Katie Bain is the Senior Editor of Beatport.com in Los Angeles. She said the genre is the new McDonald’s and has become formulaic and predictable.
“Just like fast food chains realized there was big money to be made with a cheap and generic product around the world, so too did record labels, multi-national brands, and opportunistic artists when they started exporting EDM,” Bain wrote.
Regardless of one’s opinion, the genre of music has become a $6.3 billion industry.
Artists like Steve Aoki and DJ Tiesto can command as much as $1 million per gig. Producers like Calvin Harris, Skrillex, A-Trak, Avicii and David Guetta, have squeezed out hit after hit placing some of them on Forbes annual top earners lists.
So what’s with all the criticism?

Calvin Harris – Photo Credit: Hakkasan Group

They are reminiscent of David Crosby’s idiotic comments that Kanye West should not be taken as a serious artist because he doesn’t play instruments.
Surely Sir Paul McCartney would beg to differ.

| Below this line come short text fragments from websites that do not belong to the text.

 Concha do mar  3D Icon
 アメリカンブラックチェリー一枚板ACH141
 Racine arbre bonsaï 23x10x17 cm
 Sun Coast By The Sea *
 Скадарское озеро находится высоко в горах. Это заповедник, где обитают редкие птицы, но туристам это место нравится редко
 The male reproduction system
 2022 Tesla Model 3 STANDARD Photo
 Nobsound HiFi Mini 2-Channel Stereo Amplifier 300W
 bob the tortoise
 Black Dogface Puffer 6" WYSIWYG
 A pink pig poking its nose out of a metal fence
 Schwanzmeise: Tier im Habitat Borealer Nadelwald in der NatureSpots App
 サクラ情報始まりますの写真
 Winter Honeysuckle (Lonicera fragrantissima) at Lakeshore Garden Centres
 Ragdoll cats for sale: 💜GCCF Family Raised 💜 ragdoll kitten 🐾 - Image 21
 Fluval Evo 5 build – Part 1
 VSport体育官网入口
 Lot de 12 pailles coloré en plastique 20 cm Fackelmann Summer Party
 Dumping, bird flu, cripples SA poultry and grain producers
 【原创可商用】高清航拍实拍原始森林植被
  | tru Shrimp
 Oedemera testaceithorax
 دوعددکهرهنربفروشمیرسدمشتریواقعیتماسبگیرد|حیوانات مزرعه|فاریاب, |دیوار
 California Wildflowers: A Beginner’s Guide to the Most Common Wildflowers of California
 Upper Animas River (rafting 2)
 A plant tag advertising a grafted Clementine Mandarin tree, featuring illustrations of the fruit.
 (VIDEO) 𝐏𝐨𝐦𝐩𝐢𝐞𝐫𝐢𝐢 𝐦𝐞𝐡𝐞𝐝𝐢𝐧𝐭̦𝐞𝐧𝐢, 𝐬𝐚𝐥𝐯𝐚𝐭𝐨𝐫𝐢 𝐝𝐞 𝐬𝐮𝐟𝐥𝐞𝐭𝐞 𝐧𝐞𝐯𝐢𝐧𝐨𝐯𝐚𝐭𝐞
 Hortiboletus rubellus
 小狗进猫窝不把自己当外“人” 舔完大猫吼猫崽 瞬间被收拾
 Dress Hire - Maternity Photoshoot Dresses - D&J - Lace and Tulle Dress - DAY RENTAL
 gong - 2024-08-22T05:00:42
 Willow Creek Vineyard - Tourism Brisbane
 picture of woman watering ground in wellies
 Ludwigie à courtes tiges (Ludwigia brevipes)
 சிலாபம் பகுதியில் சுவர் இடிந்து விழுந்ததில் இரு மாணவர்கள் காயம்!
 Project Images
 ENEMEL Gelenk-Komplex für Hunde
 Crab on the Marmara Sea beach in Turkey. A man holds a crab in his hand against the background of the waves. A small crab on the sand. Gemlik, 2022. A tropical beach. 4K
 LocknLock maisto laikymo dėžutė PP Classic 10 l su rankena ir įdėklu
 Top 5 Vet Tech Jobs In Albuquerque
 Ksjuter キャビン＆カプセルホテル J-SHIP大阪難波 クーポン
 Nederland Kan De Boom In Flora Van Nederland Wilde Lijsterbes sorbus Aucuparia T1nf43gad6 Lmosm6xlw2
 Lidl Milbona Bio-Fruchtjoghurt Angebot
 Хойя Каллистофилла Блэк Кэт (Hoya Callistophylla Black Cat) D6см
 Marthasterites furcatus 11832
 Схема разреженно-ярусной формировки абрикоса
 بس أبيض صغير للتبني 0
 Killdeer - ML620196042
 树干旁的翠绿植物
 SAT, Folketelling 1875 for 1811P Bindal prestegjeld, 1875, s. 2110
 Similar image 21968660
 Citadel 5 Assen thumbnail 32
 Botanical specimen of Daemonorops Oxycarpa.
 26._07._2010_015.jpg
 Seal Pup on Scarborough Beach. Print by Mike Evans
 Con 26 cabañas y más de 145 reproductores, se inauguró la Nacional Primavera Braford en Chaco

So did Marissa Haegele also of The Badger Herald in a follow-up rebuttle.

“The idea musicians who produce using computers instead of guitars are somehow less legitimate and less skilled is uninformed. Society does not give value to art by the number of chords a guitarist plays, the amount of breath a singer uses or the number of brushstrokes a painter employs.” Marissa Haegele – The Daily Badger Herald

“As I or anyone who’s ever tried to produce can tell you, making electronic music is far less intuitive than any conventional instrument,” Haegele argued.
One thing is for certain. EDM, which is almost 30-years-old, has gained serious traction of the last ten years. Some even credit the music for resuscitating the scene on the strip in Las Vegas.
Producer David Guetta believes the genre that has made him Rich will have staying power, much like Hip-Hop, which many thought was a passing fad.
“It’s an evolution. The thing is that, every musical genre starts from the underground, gets trendy, then it becomes popular, and then it dies, or it is reinvented in a different way,” Guetta told CNN.